For this introduction, we’ll focus on the stochastic gradient descent (SGD) optimization method. Stochastic gradient descent works by sampling data from the training set \{\bm{x}_i, \bm{y}_i\}_{i=1}^N, computing the gradients with backpropogation, and applying our update using a learning rate parameter \epsilon. In practice, we must gradually decrease \epsilon over time.

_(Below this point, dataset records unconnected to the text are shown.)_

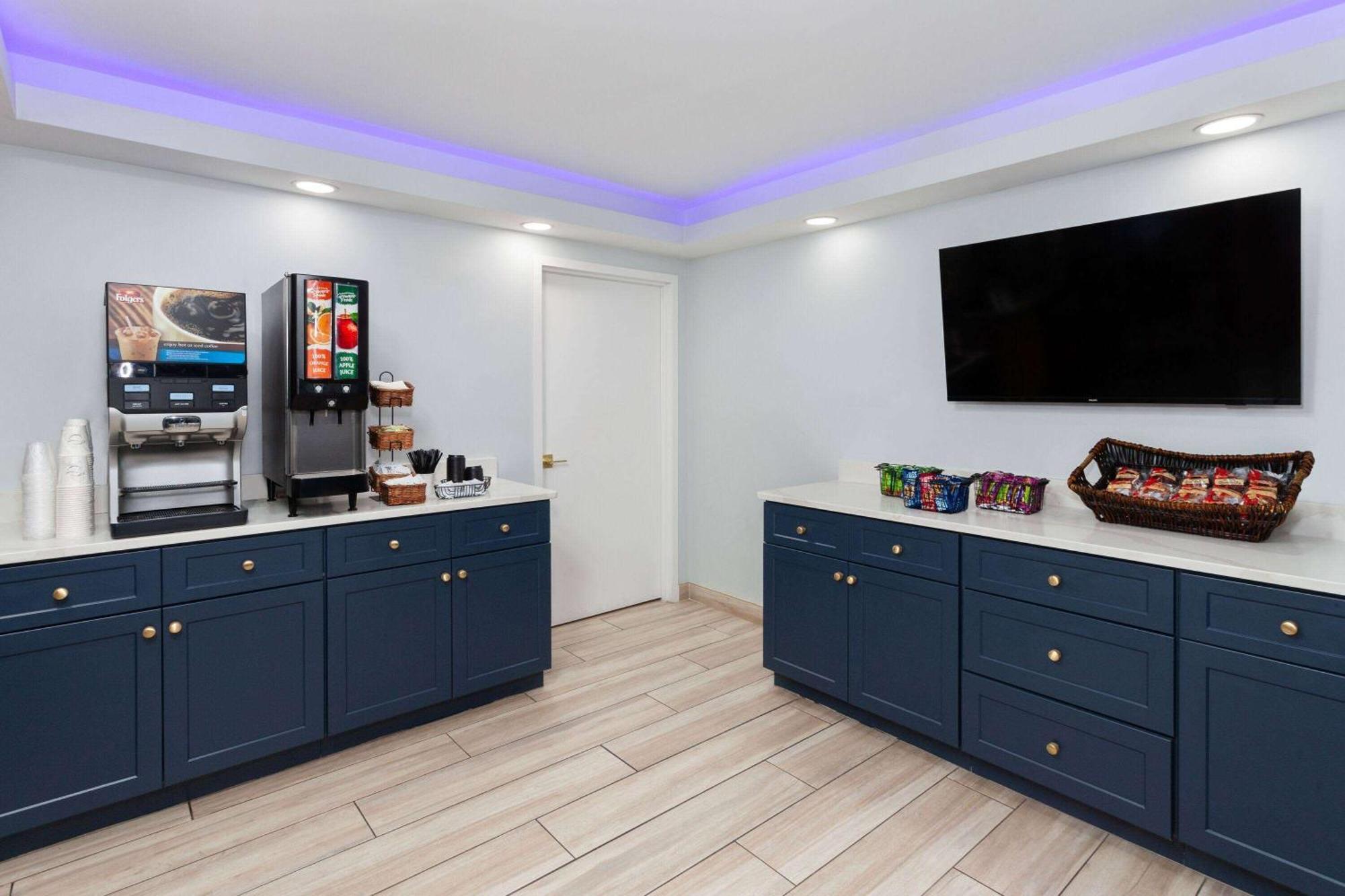 Super 8 By Wyndham Baltimore Northwest Bagian luar foto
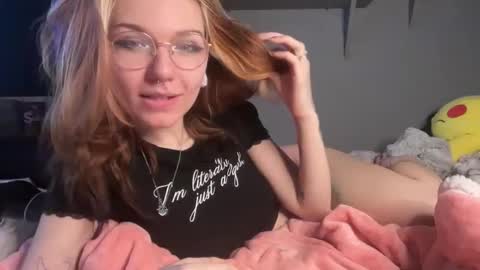 Snapshot of lizzyylovesick chatting on 28, 12, 2024 lizzybunny online show from 28, 12, 2024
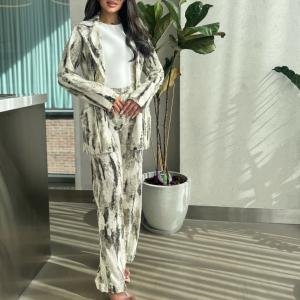 طقم بدلة أنيق بتدرجات فنية ورسومات فرشاة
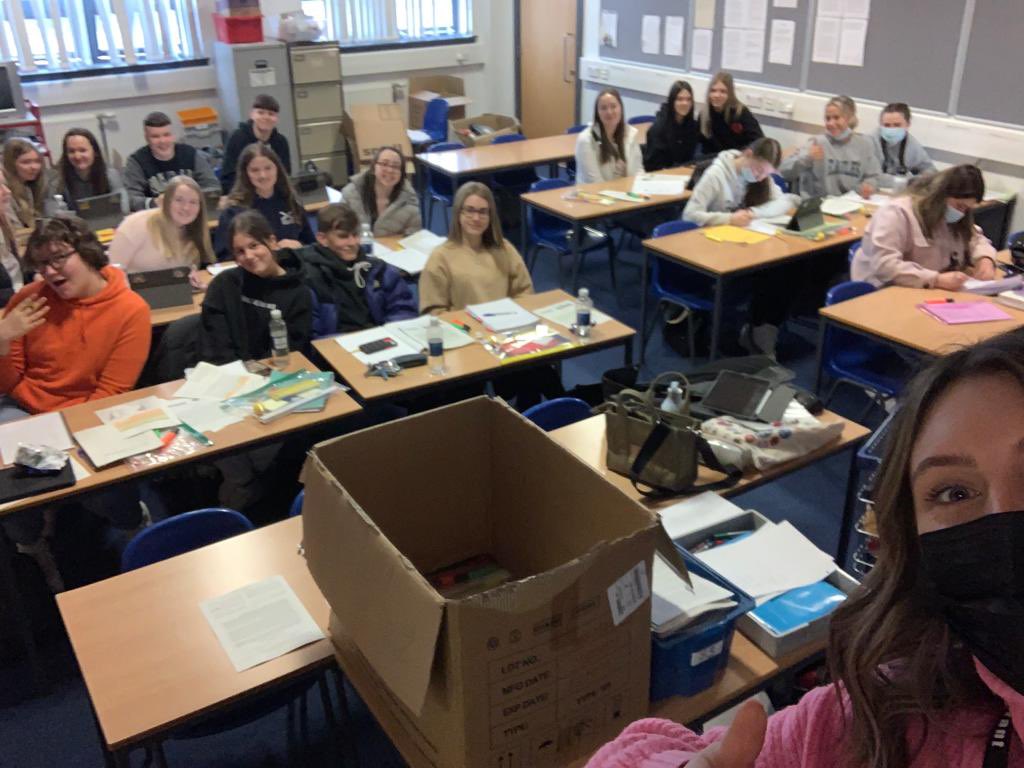Today at Easter School N5 and Higher Modern Studies were practicing different exam style questions with <a href="/MissAGrant_/">Miss Grant</a> 👩‍🏫 she even had time for a quick selfie with the class! 📸 👏 #weareFHS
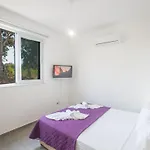 - Schoenes Fuer 10 Personen By Interhome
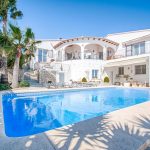 Charming villa with sea views in Benitachell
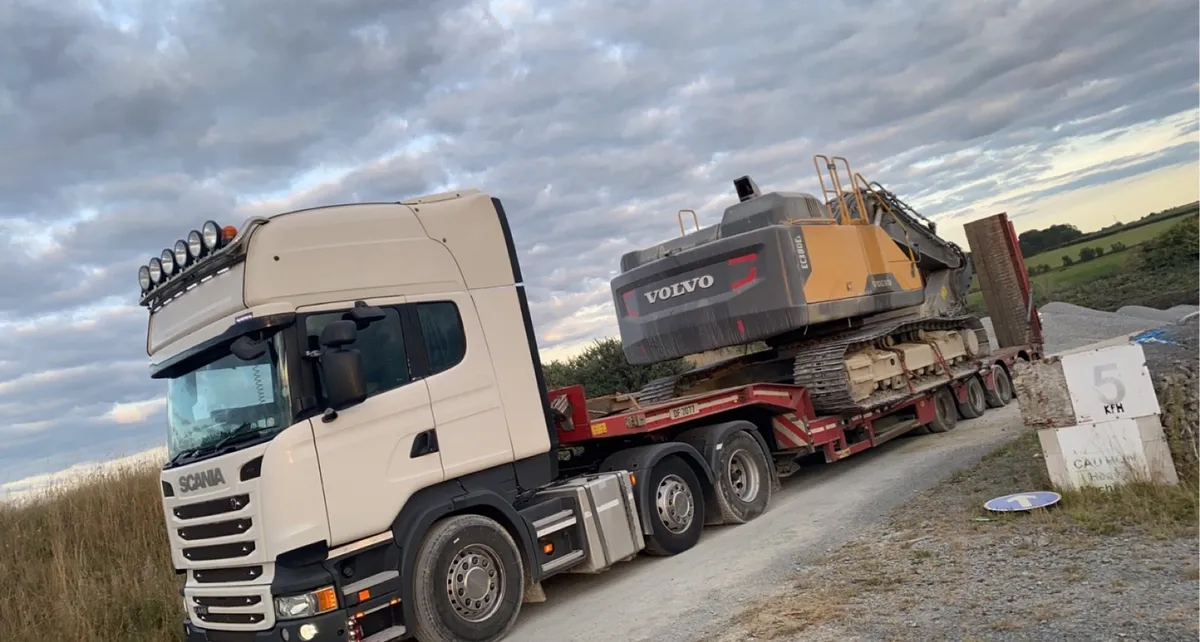 Low Loader and general haulage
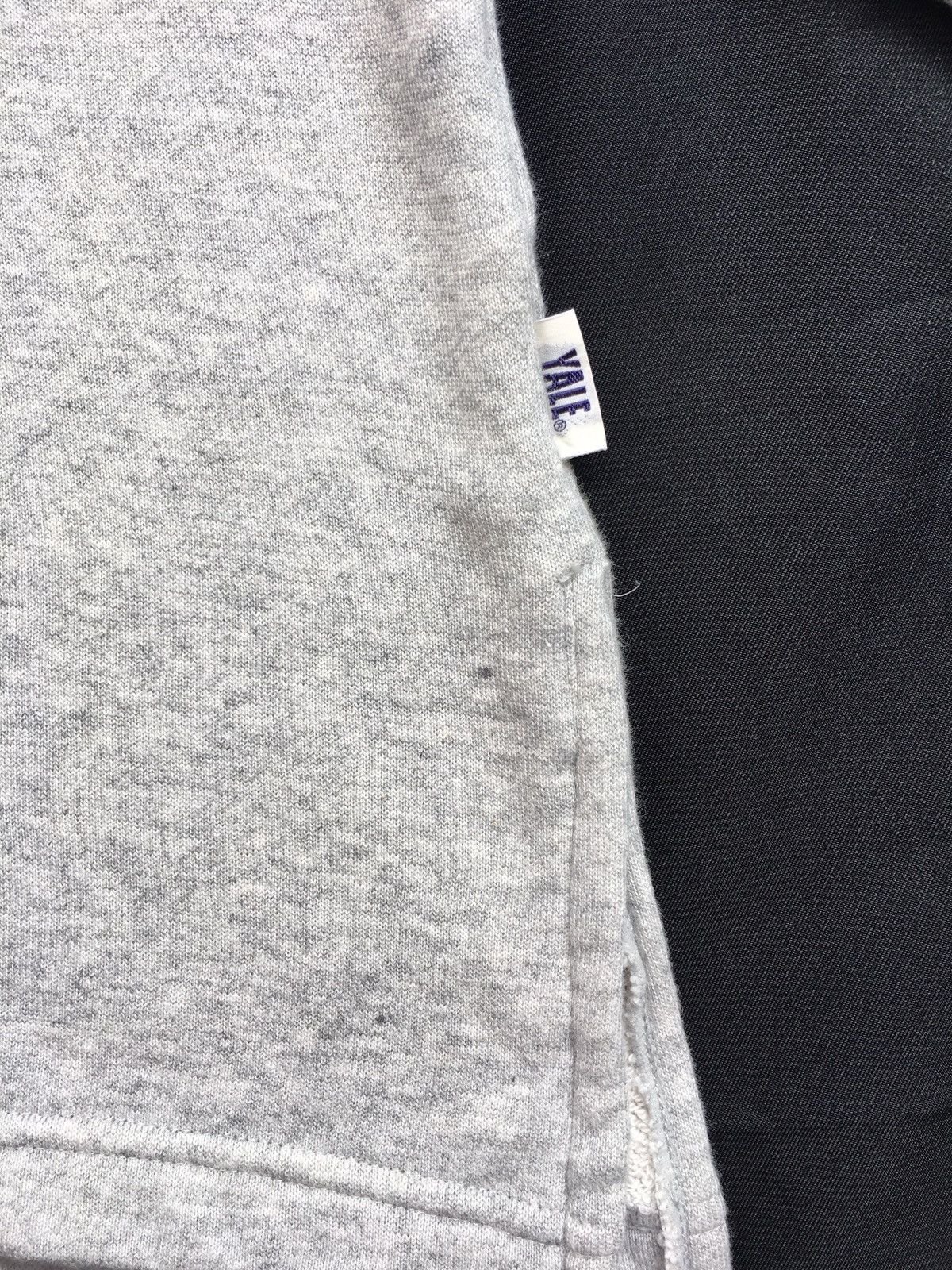 Vintage Vintage Rare YALE University Big Logo Sweatshirt Size US L / EU 52-54 / 3 - 7 Thumbnail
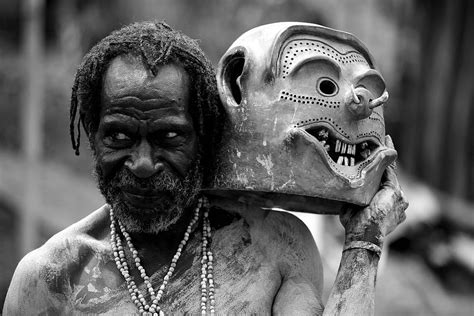 1975: Papua New Guinea: The Country with the Most Languages in the ...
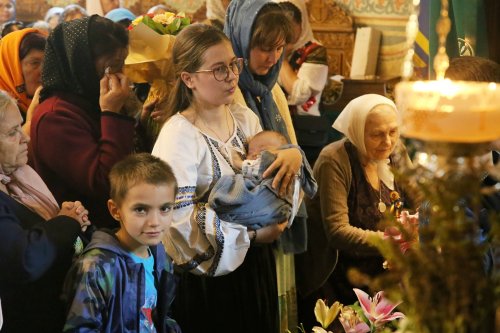 „Văzând starea de jertfă, omul Crucii devine omul Învierii” Poza 308579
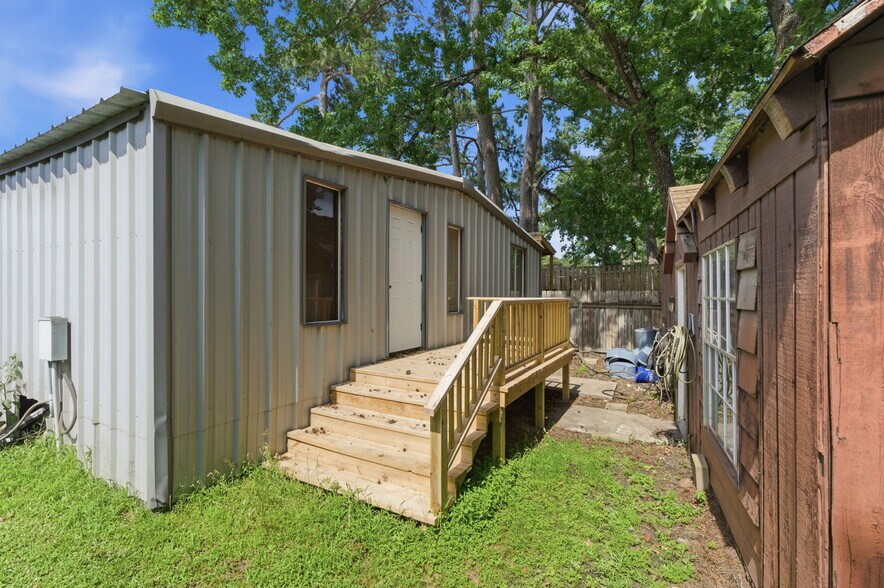 More Photos Of 3401 N Frazier St, Conroe Specialty For Sale
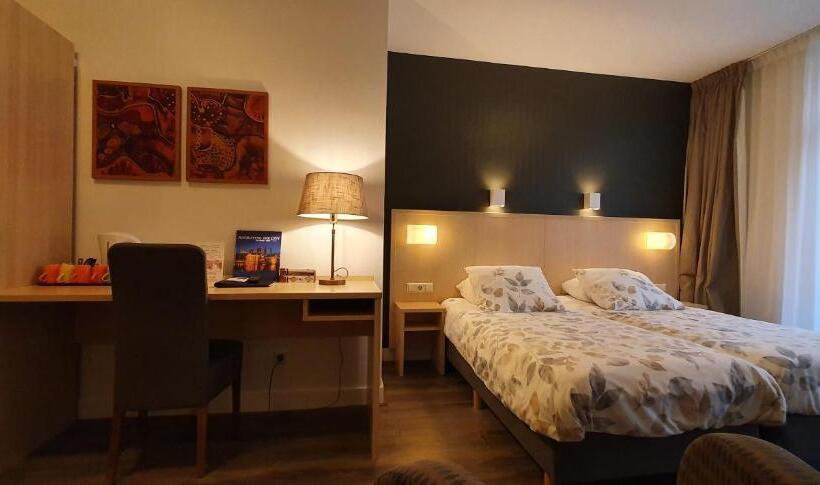 家庭间, Bor Scheveningen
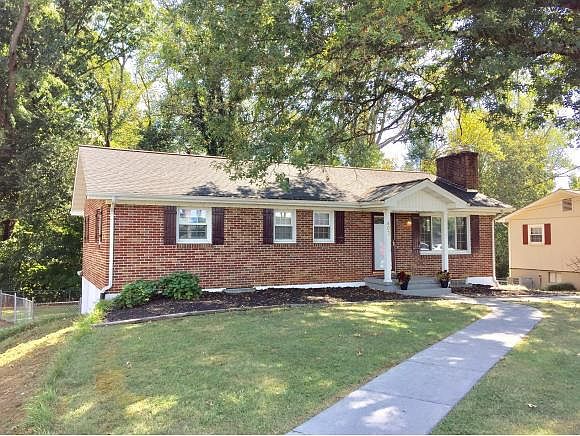 1st image of 403 Belmont Dr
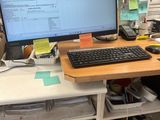 un bureau équipé d'un ordinateur et d'un clavier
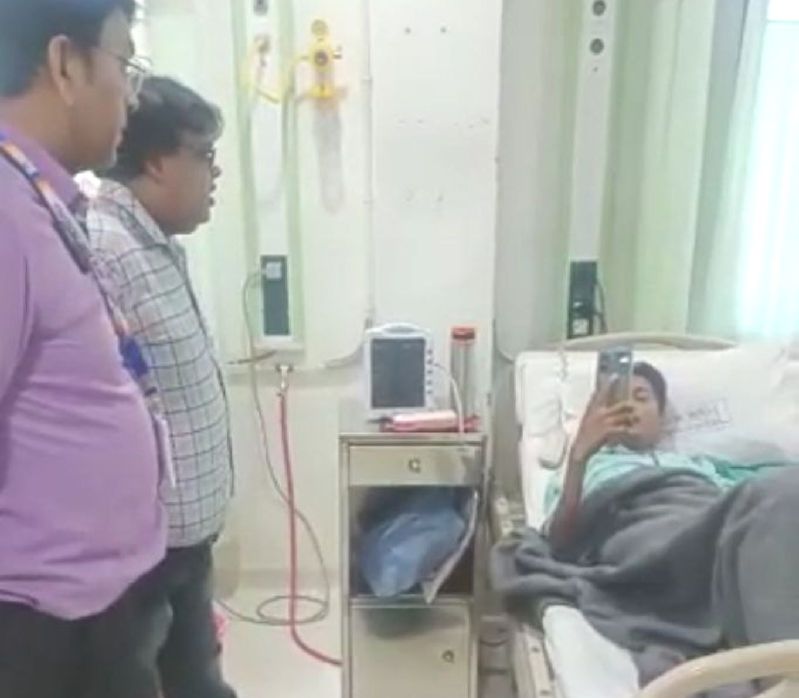 लोक स्वास्थ्य एवं परिवार कल्याण मंत्री डॉ. प्रभुराम चौधरी ने सोमवार को आकस्मिक रूप से बुरहानपुर जिले के सामुदायिक स्वास्थ्य केन्द्र नेपानगर मे पदस्थ चिकित्सा अधिकारी डॉ. अभिनय सोनी से वीडियो कॉलिंग के माध्यम से स्वास्थ्य केन्द्र में उपलब्ध सुविधाओं एवं मरीजों के उपचार संबंधी जानकारी ली।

   \caption{Stochastic Gradient Descent pseudocode \newline
   --Modification of source: Goodfellow, Bengio, \& Courville (Deep Learning, 2016)}
      \Procedure{SGD}{$\bm{\ell}, \bm{x}, \bm{y}$}
         \State $\bm{W} \gets \text{InitWeights}()$
         \State $\bm{b} \gets \text{InitBias}()$
         \While{not converged}
            \State $\epsilon \gets \text{NextEpsilon}(\epsilon)$
            \State Sample a minibatch of size $m$ from
            $\{\bm{x}_i, \bm{y}_i\}_{i=1}^N$ as $\bm{x}_s, \bm{y}_s$
            \State $\langle \bm{\hat{y}}_s, \bm{h} \rangle \gets
               \text{FeedForward}(\bm{x}_s, \bm{y}_s, \bm{W}, \bm{b})$
            \State $\langle \nabla_{\bm{W}}\bm{\ell}, \nabla_{\bm{b}}\bm{\ell} \rangle \gets
               \frac{1}{m} \sum_{x, y \in \bm{x}_s, \bm{y}_s}
               \text{Backpropogation}(\bm{\ell}, \bm{\hat{y}}_s, \bm{y}_s, \bm{h}, \bm{W})$
            \For{$k = 1, 2, \dots, l$}
               \State $\bm{W}^{(k)} \gets \bm{W}^{(k)} -
                  \epsilon \nabla_{\bm{W}^{(k)}}\bm{\ell}$
               \State $\bm{b}^{(k)} \gets \bm{b}^{(k)} -
                  \epsilon \nabla_{\bm{b}^{(k)}}\bm{\ell}$
         \Return $\langle \bm{W}, \bm{b} \rangle$

In practice, we will decouple optimization methods from the backpropogation and feedforward algorithms in order to make a modular system of components that can be easily mixed and matched. This process is fairly straightforward and will be apparent as components are documented.